■ Try it: The whole of the data is to be reproduced exactly.

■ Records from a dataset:
■ ■ ■ ■ ■

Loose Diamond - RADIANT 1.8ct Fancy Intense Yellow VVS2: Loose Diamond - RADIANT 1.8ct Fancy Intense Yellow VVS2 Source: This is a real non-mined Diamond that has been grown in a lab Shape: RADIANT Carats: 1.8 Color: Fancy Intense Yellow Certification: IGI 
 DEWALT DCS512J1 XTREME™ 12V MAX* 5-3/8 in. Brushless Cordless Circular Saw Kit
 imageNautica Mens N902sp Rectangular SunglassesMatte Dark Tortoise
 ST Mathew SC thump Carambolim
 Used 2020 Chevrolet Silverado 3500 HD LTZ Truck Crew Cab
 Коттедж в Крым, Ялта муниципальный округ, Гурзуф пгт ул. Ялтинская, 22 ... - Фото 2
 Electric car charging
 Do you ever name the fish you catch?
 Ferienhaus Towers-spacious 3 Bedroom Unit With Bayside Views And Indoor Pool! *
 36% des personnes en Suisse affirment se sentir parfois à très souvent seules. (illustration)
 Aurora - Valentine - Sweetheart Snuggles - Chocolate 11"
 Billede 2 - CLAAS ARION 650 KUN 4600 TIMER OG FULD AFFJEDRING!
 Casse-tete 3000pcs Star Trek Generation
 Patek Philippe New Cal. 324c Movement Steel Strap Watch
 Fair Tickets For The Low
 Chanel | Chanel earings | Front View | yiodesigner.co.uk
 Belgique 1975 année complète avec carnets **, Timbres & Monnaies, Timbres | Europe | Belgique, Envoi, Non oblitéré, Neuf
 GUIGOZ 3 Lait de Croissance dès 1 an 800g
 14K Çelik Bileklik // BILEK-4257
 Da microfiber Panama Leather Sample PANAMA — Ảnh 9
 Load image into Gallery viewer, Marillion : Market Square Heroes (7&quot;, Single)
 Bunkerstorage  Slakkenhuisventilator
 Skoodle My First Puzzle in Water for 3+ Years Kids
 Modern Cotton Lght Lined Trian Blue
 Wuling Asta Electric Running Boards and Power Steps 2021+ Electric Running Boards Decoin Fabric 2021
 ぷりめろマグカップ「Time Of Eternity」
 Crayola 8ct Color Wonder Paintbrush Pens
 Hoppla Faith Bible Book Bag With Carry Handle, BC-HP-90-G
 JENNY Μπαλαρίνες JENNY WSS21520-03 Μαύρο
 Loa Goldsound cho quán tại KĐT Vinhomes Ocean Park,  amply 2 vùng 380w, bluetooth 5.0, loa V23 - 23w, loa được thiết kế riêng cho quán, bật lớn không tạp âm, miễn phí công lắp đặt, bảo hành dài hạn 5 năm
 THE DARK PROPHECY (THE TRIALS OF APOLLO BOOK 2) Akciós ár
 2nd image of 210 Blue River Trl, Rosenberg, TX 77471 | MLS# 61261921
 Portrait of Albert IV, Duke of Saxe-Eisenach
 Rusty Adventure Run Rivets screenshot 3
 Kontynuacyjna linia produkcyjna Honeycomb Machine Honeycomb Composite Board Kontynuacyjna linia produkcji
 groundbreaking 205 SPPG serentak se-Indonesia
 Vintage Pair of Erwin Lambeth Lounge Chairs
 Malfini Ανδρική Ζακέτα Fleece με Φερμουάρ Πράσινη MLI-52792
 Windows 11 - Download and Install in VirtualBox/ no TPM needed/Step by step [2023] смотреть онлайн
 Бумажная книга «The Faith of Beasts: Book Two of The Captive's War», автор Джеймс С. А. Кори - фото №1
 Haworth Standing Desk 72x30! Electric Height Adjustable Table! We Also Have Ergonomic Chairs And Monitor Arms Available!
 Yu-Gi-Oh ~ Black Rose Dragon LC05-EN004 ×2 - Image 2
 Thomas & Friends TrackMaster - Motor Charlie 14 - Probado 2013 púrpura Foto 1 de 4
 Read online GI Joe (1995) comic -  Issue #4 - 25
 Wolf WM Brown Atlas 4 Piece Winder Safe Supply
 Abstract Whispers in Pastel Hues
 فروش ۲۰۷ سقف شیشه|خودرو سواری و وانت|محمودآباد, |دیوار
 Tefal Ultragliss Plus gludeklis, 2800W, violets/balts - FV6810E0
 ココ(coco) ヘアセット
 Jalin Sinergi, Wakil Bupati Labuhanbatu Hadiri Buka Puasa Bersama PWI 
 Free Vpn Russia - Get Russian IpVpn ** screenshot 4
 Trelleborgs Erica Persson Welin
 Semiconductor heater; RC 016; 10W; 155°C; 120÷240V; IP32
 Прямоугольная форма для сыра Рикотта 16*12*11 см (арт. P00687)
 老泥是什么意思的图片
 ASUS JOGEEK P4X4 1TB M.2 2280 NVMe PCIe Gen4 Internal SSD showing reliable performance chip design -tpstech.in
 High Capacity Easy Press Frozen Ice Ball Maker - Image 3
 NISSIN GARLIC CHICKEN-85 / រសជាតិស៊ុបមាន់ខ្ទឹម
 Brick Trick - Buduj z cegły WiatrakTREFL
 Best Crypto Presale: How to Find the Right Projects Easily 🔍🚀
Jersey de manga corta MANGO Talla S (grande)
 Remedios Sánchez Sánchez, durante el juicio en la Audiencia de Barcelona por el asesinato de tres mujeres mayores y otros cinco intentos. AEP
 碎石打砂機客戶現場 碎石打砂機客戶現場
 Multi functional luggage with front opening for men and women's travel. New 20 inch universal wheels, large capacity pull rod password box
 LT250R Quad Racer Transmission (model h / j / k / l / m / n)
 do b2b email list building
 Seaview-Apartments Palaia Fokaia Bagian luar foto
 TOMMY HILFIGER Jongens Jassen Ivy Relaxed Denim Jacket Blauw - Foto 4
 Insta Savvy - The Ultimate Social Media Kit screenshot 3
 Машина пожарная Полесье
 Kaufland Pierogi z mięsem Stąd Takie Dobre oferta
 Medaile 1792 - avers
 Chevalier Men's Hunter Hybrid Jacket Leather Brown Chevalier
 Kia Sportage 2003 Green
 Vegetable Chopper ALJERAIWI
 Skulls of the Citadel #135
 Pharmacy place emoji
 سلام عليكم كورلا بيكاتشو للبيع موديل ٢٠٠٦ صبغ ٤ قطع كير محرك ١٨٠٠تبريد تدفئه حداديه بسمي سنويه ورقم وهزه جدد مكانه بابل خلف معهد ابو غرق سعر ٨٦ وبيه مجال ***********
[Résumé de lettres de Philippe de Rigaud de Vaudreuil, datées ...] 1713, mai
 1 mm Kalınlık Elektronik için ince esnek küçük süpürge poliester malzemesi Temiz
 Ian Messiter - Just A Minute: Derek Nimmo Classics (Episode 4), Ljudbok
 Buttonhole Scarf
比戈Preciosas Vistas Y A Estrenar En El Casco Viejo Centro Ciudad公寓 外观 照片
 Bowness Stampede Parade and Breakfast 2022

■ ■ ■ ■ ■

■ Task output:
Loose Diamond - RADIANT 1.8ct Fancy Intense Yellow VVS2: Loose Diamond - RADIANT 1.8ct Fancy Intense Yellow VVS2 Source: This is a real non-mined Diamond that has been grown in a lab Shape: RADIANT Carats: 1.8 Color: Fancy Intense Yellow Certification: IGI 
 DEWALT DCS512J1 XTREME™ 12V MAX* 5-3/8 in. Brushless Cordless Circular Saw Kit
 imageNautica Mens N902sp Rectangular SunglassesMatte Dark Tortoise
 ST Mathew SC thump Carambolim
 Used 2020 Chevrolet Silverado 3500 HD LTZ Truck Crew Cab
 Коттедж в Крым, Ялта муниципальный округ, Гурзуф пгт ул. Ялтинская, 22 ... - Фото 2
 Electric car charging
 Do you ever name the fish you catch?
 Ferienhaus Towers-spacious 3 Bedroom Unit With Bayside Views And Indoor Pool! *
 36% des personnes en Suisse affirment se sentir parfois à très souvent seules. (illustration)
 Aurora - Valentine - Sweetheart Snuggles - Chocolate 11"
 Billede 2 - CLAAS ARION 650 KUN 4600 TIMER OG FULD AFFJEDRING!
 Casse-tete 3000pcs Star Trek Generation
 Patek Philippe New Cal. 324c Movement Steel Strap Watch
 Fair Tickets For The Low
 Chanel | Chanel earings | Front View | yiodesigner.co.uk
 Belgique 1975 année complète avec carnets **, Timbres & Monnaies, Timbres | Europe | Belgique, Envoi, Non oblitéré, Neuf
 GUIGOZ 3 Lait de Croissance dès 1 an 800g
 14K Çelik Bileklik // BILEK-4257
 Da microfiber Panama Leather Sample PANAMA — Ảnh 9
 Load image into Gallery viewer, Marillion : Market Square Heroes (7&quot;, Single)
 Bunkerstorage  Slakkenhuisventilator
 Skoodle My First Puzzle in Water for 3+ Years Kids
 Modern Cotton Lght Lined Trian Blue
 Wuling Asta Electric Running Boards and Power Steps 2021+ Electric Running Boards Decoin Fabric 2021
 ぷりめろマグカップ「Time Of Eternity」
 Crayola 8ct Color Wonder Paintbrush Pens
 Hoppla Faith Bible Book Bag With Carry Handle, BC-HP-90-G
 JENNY Μπαλαρίνες JENNY WSS21520-03 Μαύρο
 Loa Goldsound cho quán tại KĐT Vinhomes Ocean Park,  amply 2 vùng 380w, bluetooth 5.0, loa V23 - 23w, loa được thiết kế riêng cho quán, bật lớn không tạp âm, miễn phí công lắp đặt, bảo hành dài hạn 5 năm
 THE DARK PROPHECY (THE TRIALS OF APOLLO BOOK 2) Akciós ár
 2nd image of 210 Blue River Trl, Rosenberg, TX 77471 | MLS# 61261921
 Portrait of Albert IV, Duke of Saxe-Eisenach
 Rusty Adventure Run Rivets screenshot 3
 Kontynuacyjna linia produkcyjna Honeycomb Machine Honeycomb Composite Board Kontynuacyjna linia produkcji
 groundbreaking 205 SPPG serentak se-Indonesia
 Vintage Pair of Erwin Lambeth Lounge Chairs
 Malfini Ανδρική Ζακέτα Fleece με Φερμουάρ Πράσινη MLI-52792
 Windows 11 - Download and Install in VirtualBox/ no TPM needed/Step by step [2023] смотреть онлайн
 Бумажная книга «The Faith of Beasts: Book Two of The Captive's War», автор Джеймс С. А. Кори - фото №1
 Haworth Standing Desk 72x30! Electric Height Adjustable Table! We Also Have Ergonomic Chairs And Monitor Arms Available!
 Yu-Gi-Oh ~ Black Rose Dragon LC05-EN004 ×2 - Image 2
 Thomas & Friends TrackMaster - Motor Charlie 14 - Probado 2013 púrpura Foto 1 de 4
 Read online GI Joe (1995) comic -  Issue #4 - 25
 Wolf WM Brown Atlas 4 Piece Winder Safe Supply
 Abstract Whispers in Pastel Hues
 فروش ۲۰۷ سقف شیشه|خودرو سواری و وانت|محمودآباد, |دیوار
 Tefal Ultragliss Plus gludeklis, 2800W, violets/balts - FV6810E0
 ココ(coco) ヘアセット
 Jalin Sinergi, Wakil Bupati Labuhanbatu Hadiri Buka Puasa Bersama PWI 
 Free Vpn Russia - Get Russian IpVpn ** screenshot 4
 Trelleborgs Erica Persson Welin
 Semiconductor heater; RC 016; 10W; 155°C; 120÷240V; IP32
 Прямоугольная форма для сыра Рикотта 16*12*11 см (арт. P00687)
 老泥是什么意思的图片
 ASUS JOGEEK P4X4 1TB M.2 2280 NVMe PCIe Gen4 Internal SSD showing reliable performance chip design -tpstech.in
 High Capacity Easy Press Frozen Ice Ball Maker - Image 3
 NISSIN GARLIC CHICKEN-85 / រសជាតិស៊ុបមាន់ខ្ទឹម
 Brick Trick - Buduj z cegły WiatrakTREFL
 Best Crypto Presale: How to Find the Right Projects Easily 🔍🚀
Jersey de manga corta MANGO Talla S (grande)
 Remedios Sánchez Sánchez, durante el juicio en la Audiencia de Barcelona por el asesinato de tres mujeres mayores y otros cinco intentos. AEP
 碎石打砂機客戶現場 碎石打砂機客戶現場
 Multi functional luggage with front opening for men and women's travel. New 20 inch universal wheels, large capacity pull rod password box
 LT250R Quad Racer Transmission (model h / j / k / l / m / n)
 do b2b email list building
 Seaview-Apartments Palaia Fokaia Bagian luar foto
 TOMMY HILFIGER Jongens Jassen Ivy Relaxed Denim Jacket Blauw - Foto 4
 Insta Savvy - The Ultimate Social Media Kit screenshot 3
 Машина пожарная Полесье
 Kaufland Pierogi z mięsem Stąd Takie Dobre oferta
 Medaile 1792 - avers
 Chevalier Men's Hunter Hybrid Jacket Leather Brown Chevalier
 Kia Sportage 2003 Green
 Vegetable Chopper ALJERAIWI
 Skulls of the Citadel #135
 Pharmacy place emoji
 سلام عليكم كورلا بيكاتشو للبيع موديل ٢٠٠٦ صبغ ٤ قطع كير محرك ١٨٠٠تبريد تدفئه حداديه بسمي سنويه ورقم وهزه جدد مكانه بابل خلف معهد ابو غرق سعر ٨٦ وبيه مجال ***********
[Résumé de lettres de Philippe de Rigaud de Vaudreuil, datées ...] 1713, mai
 1 mm Kalınlık Elektronik için ince esnek küçük süpürge poliester malzemesi Temiz
 Ian Messiter - Just A Minute: Derek Nimmo Classics (Episode 4), Ljudbok
 Buttonhole Scarf
比戈Preciosas Vistas Y A Estrenar En El Casco Viejo Centro Ciudad公寓 外观 照片
 Bowness Stampede Parade and Breakfast 2022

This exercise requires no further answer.